→ **Exercise aim**: Give back the lines of the records exactly, starting at the first and ending at the one with "DUKUSEEK Camo Electric".

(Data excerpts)
┄┄┄┄┄┄

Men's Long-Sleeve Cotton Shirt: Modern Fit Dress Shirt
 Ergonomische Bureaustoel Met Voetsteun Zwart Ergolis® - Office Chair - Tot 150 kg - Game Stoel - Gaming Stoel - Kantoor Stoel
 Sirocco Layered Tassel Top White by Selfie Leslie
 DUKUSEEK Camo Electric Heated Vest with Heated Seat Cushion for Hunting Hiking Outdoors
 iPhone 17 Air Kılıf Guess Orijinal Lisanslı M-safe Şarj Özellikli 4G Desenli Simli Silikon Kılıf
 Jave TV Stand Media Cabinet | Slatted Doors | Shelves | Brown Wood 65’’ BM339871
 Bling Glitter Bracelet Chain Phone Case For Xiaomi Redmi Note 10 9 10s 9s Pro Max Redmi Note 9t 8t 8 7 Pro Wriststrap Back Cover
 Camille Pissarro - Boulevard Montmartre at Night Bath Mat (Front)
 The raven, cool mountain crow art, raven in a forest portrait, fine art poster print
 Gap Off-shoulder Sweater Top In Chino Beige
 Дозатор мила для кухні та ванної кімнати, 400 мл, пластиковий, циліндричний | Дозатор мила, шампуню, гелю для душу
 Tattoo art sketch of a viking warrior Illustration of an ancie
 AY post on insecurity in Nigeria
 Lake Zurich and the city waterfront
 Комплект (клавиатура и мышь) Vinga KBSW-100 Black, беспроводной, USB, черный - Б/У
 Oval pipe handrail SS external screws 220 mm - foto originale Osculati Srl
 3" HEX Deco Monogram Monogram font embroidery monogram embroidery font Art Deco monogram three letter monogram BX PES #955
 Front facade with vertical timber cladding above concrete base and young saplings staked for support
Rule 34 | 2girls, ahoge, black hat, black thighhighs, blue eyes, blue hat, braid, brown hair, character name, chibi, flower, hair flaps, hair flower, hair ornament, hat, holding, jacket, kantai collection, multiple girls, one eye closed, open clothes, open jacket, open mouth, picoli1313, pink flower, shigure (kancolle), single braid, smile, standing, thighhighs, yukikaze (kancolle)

┄┄┄┄┄┄

→ **Reply**:
Men's Long-Sleeve Cotton Shirt: Modern Fit Dress Shirt
 Ergonomische Bureaustoel Met Voetsteun Zwart Ergolis® - Office Chair - Tot 150 kg - Game Stoel - Gaming Stoel - Kantoor Stoel
 Sirocco Layered Tassel Top White by Selfie Leslie
 DUKUSEEK Camo Electric Heated Vest with Heated Seat Cushion for Hunting Hiking Outdoors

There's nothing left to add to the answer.